Friday, July 30th, 2010

A delightful documentary was buried in the BBC4 schedule late last Sunday. Please Vote for Me remains on iPlayer over the weekend, and I’d urge you to watch it if you’ve got an hour free.

Weijun Chen’s film, in which he records schoolchildren in China undertaking an election for class monitor, is in equal measure funny, touching, disturbing and fascinating. In a country without national elections, how will the youngsters deal with the challenge of seeking office with democratic legitimacy?

It begins with their teacher explaining the process they are about to undertake, and indeed democracy itself: “This is new,” she understates. And it ends in tears as two of the candidates (unlike our recent election) have to deal with defeat.

In the end it is a landslide victory (I won’t spoil your enjoyment by telling you who wins) but the process which brings the class to this outcome is fascinating to observe.
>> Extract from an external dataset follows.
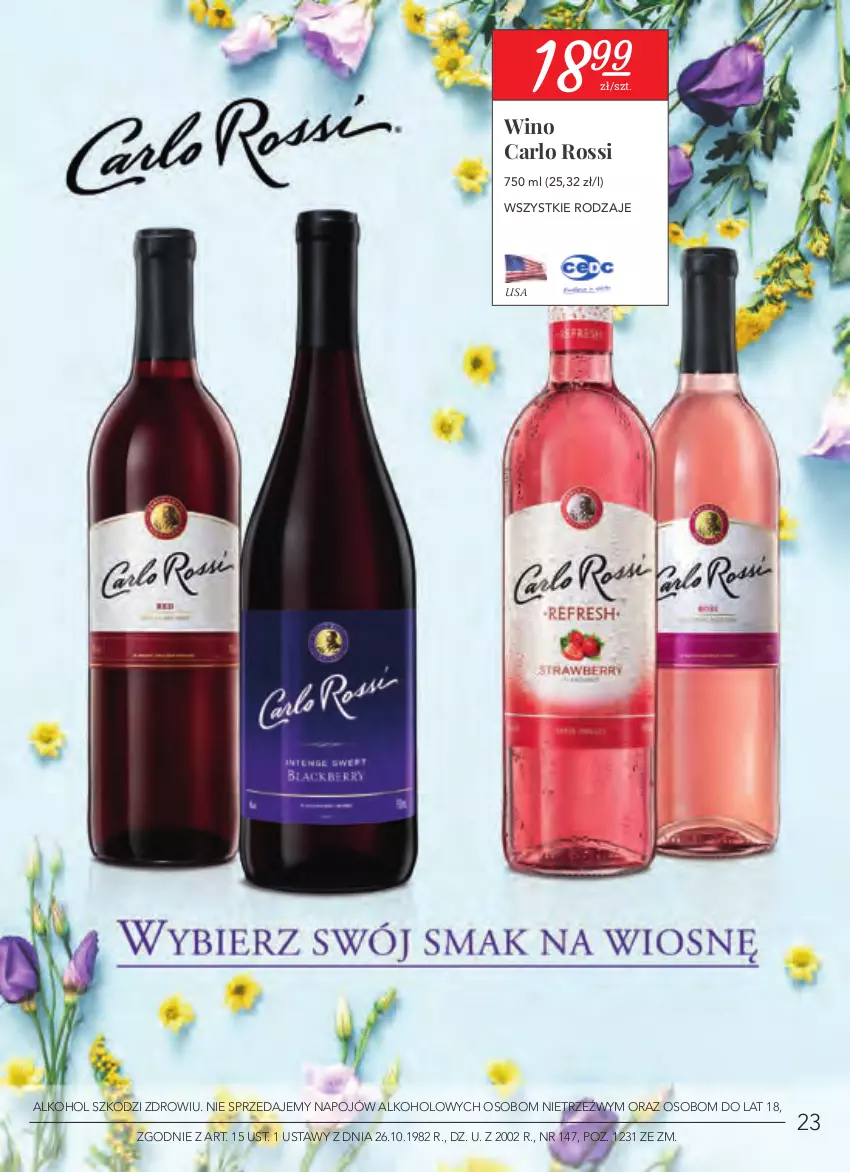 Gazetka promocyjna Stokrotka - Oferta alkoholowa - ważna 25.03 do 21.04.2021 - strona 23 - produkty: Carlo Rossi, Wino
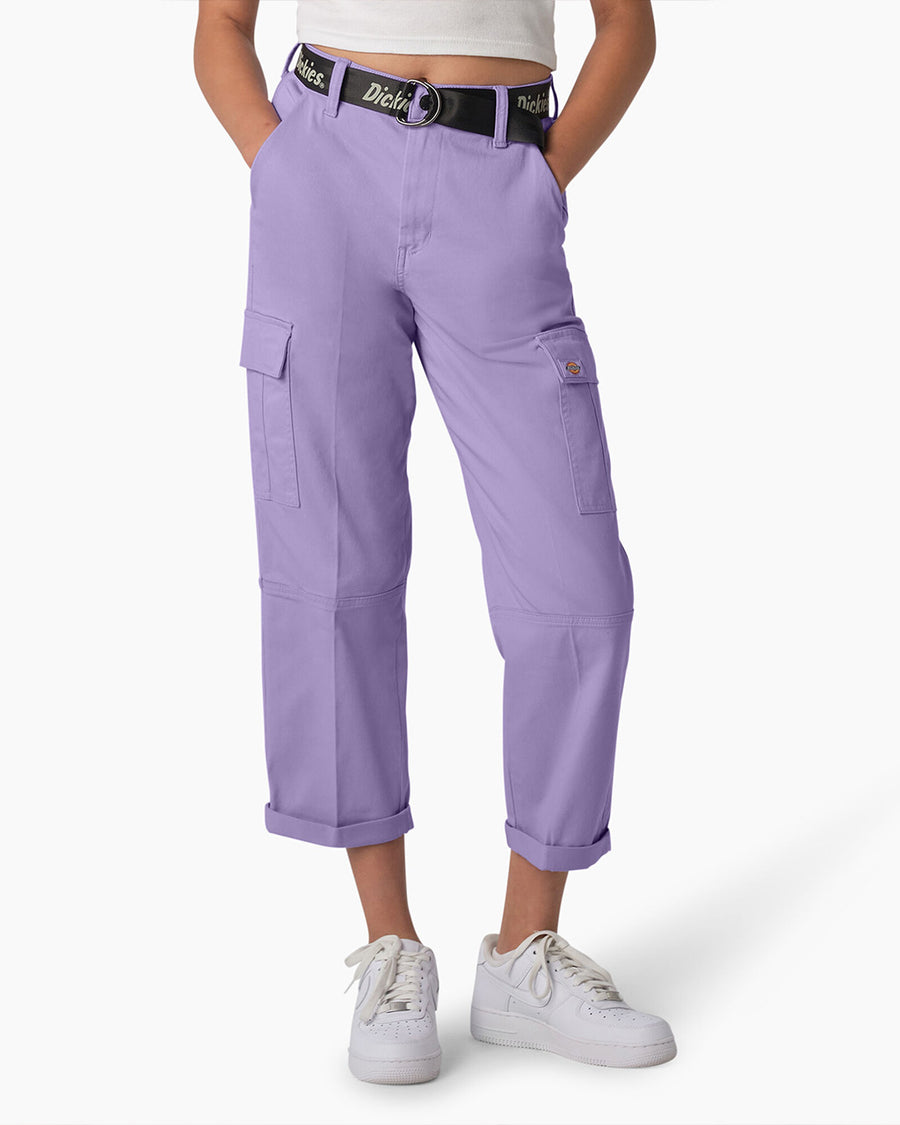 model wearing lavender cropped cargo pants with black 'dickies' belt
There is something to be learnt about children and about human nature no doubt. But, ultimately, it is amazing – given the assumed lack of exposure these eight year olds in Wuhan, the capital city of the central Chinese province of Hubei, have had to democratic political processes – how quickly the youngsters adapt to politics, and in particular, how similarly they adopt the characteristics we can associate with politicians.

This is evident in the language they use, the way they interact with each other, (look out for attack-laden debates), the candidates’ grasp of deal-making and carrot-dangling (and, sadly, bribery and lies), their understanding of the need to consult with the electorate, the eagerness of others to advise and fulfil their own ambitions (primarily the kids’ parents), and a macho male aggression. Plus the frailty and insecurity political candidates can display in private. It was not hard to make the leap from despondent child head down and holding hands with father to the Western politician being reassured and looked after by adviser or bag carrier.

A remarkable piece of work; it’s not hard to see why it won awards around the world. It’s not a new film – indeed I understand the BBC first showed it a couple f years ago – but if you’ve not come across it before, I’d highly recommend a viewing in the next couple of days.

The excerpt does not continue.